La raison qui ferait admettre aux différents protagonistes de la crise au Nord qu’il faut savoir terminer un conflit, surtout lorsque celui-ci menace déjà de désagréger une partie du territoire national. Le réalisme qui ferait comprendre aux radicaux (ou au moins à une partie de ceux-ci) que le renoncement à la politique de la tension ouvre la porte à une possibilité d’aménagements intelligents pour dégager ensemble le chemin de la normale. Tel est le sens du double pari engagé par la Médiation internationale avec la programmation de la signature de l’Accord pour le 15 mai prochain. Un pari qu’est venue ébranler la multiplication des affrontements la semaine dernière dans les Régions de Tombouctou et de Gao.
UN OBJECTIF LIMPIDE. Il est encore trop tôt pour dire si les accrochages qui se sont produits constituent une flambée circonstancielle et si l’on reviendra assez rapidement à la situation qui prévalait après la conclusion du dernier accord de cessation des hostilités signé le 19 février dernier à Alger. Ou si les radicaux de la CMA profiteront de l’occasion qui leur est donnée pour raviver une logique de l’affrontement en arguant du « manque de sincérité de Bamako », selon la phraséologie en usage dans les communiqués du MNLA.

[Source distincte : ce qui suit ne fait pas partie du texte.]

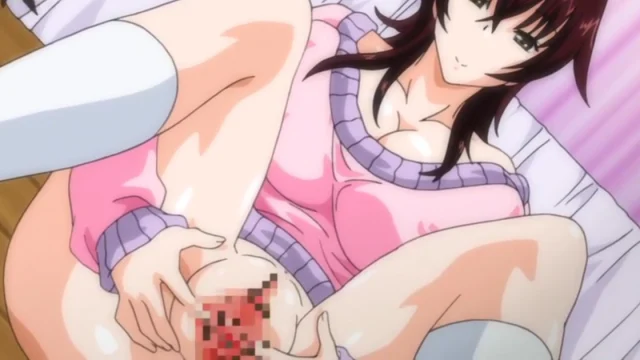 Bí mật về đôi môi đầy mê hoặc của Misaki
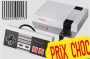 Prix nes classic mini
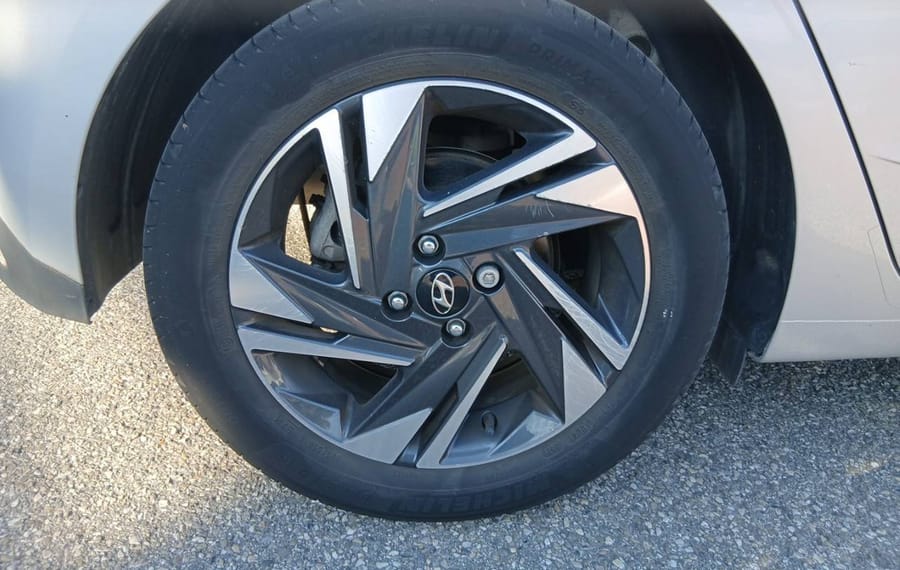 Choisissez votre hyundai i20 chez CarGo Flex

La présence de la MINUSMA et de Barkhane ainsi que la vigilance déployée par la communauté internationale pour prévenir une dégradation irréversible de la situation rendent quasiment impossible le déclenchement d’hostilités d’une ampleur similaire à celle des attaques perpétrées en début 2012. Mais elles seraient objectivement insuffisantes pour empêcher la multiplication à basse intensité d’actes de violence dont les premières victimes seraient les populations déjà à bout de résistance. C’est pourquoi plutôt que de nous livrer à des suppositions que les faits pourraient infirmer assez vite, il nous semble préférable de recenser quelques vérités et constats qu’il faudra prendre en compte pour la gestion de l’avenir.
Tout d’abord, pour ceux (très rares, il est vrai) qui minimiseraient encore l’emprise du courant radical sur la prise de décisions au sein de la Coordination, l’importance de la riposte déclenchée juste après la prise de la ville de Ménaka le 27 avril dernier par les éléments du GATIA devraient lever les derniers doutes. En 48 heures, la CMA a initié une série de représailles qui ont montré aussi bien la profondeur de sa vindicte que sa volonté de faire la preuve de l’étendue de sa capacité de frappe. La hâte à agir des rebelles pour rétablir leur crédit militaire les a même amenés le 28 avril à ouvrir le feu par erreur dans les environs de Tombouctou sur des Casques bleus confondus avec des soldats maliens. Mais l’élément majeur à relever est que dans toutes ses ripostes, la Coalition a délibérément choisi comme cible les forces de défense du Mali. Alors que pendant toute la période de négociations d’Alger, elle s’est confrontée uniquement aux troupes de la Plate-forme.
La volonté d’exercer des représailles significatives contre le gouvernement malien était donc évidente. Tout comme était limpide l’objectif poursuivi. La Coordination en essayant de s’emparer d’importantes positions tenues par l’Armée malienne cherchait à réimplanter dans les esprits une conviction qu’elle-même avait acquise au lendemain des événements du 21 mai 2014 et qu’elle n’a cessé de proclamer tout au long du processus d’Alger, celle de sa supériorité militaire sur tout l’étendue du Septentrion malien. Il est donc important de souligner l’échec d’une opération dans laquelle le MNLA a déployé des effectifs relativement importants et qui s’est révélée totalement infructueuse pour lui.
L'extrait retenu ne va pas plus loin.